--- Data extract ---
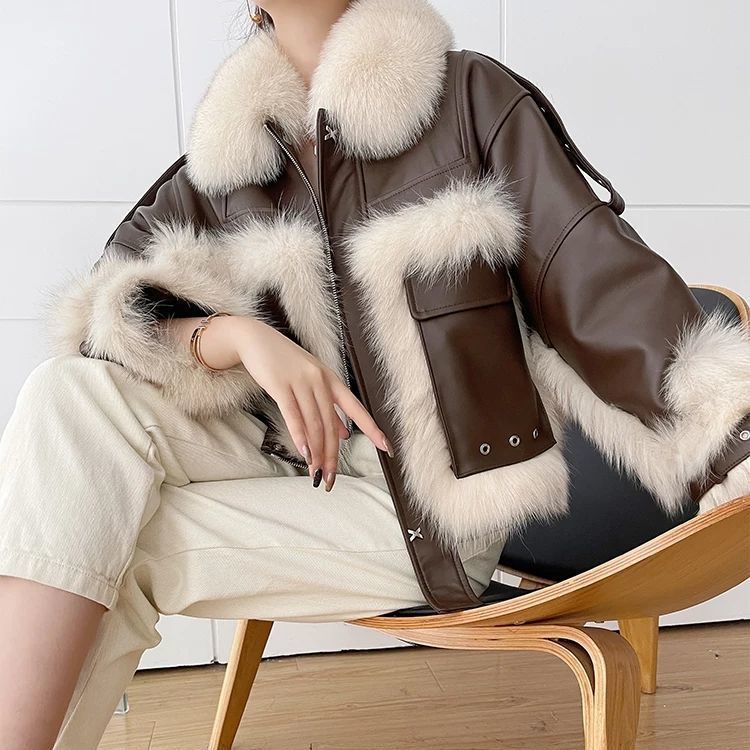 Sense Fox Fur Leather Coat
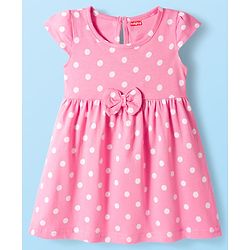 Babyhug Single Jersey Knit Cap Sleeves Frock Floral & Polka Dot Print Pack of 2 - White & Pink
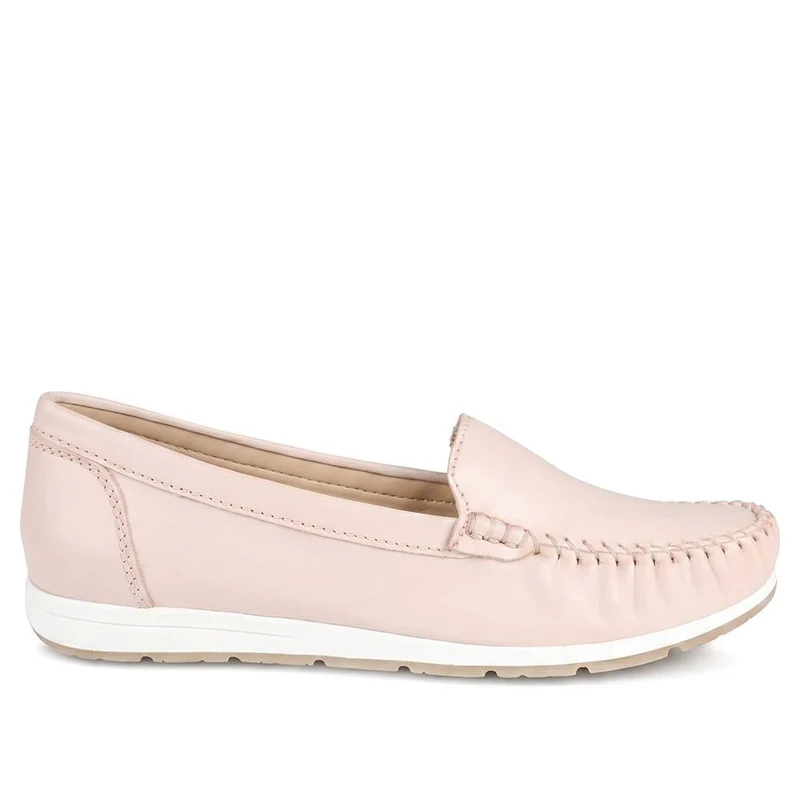 Marco Tozzi Leather Cushioned Moccasins - WEN43003 / 330 472 - Nude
---
## What to work on
Repeat the listing above word for word and leave its images out.

## Expected output
 Sense Fox Fur Leather Coat
 Babyhug Single Jersey Knit Cap Sleeves Frock Floral & Polka Dot Print Pack of 2 - White & Pink
 Marco Tozzi Leather Cushioned Moccasins - WEN43003 / 330 472 - Nude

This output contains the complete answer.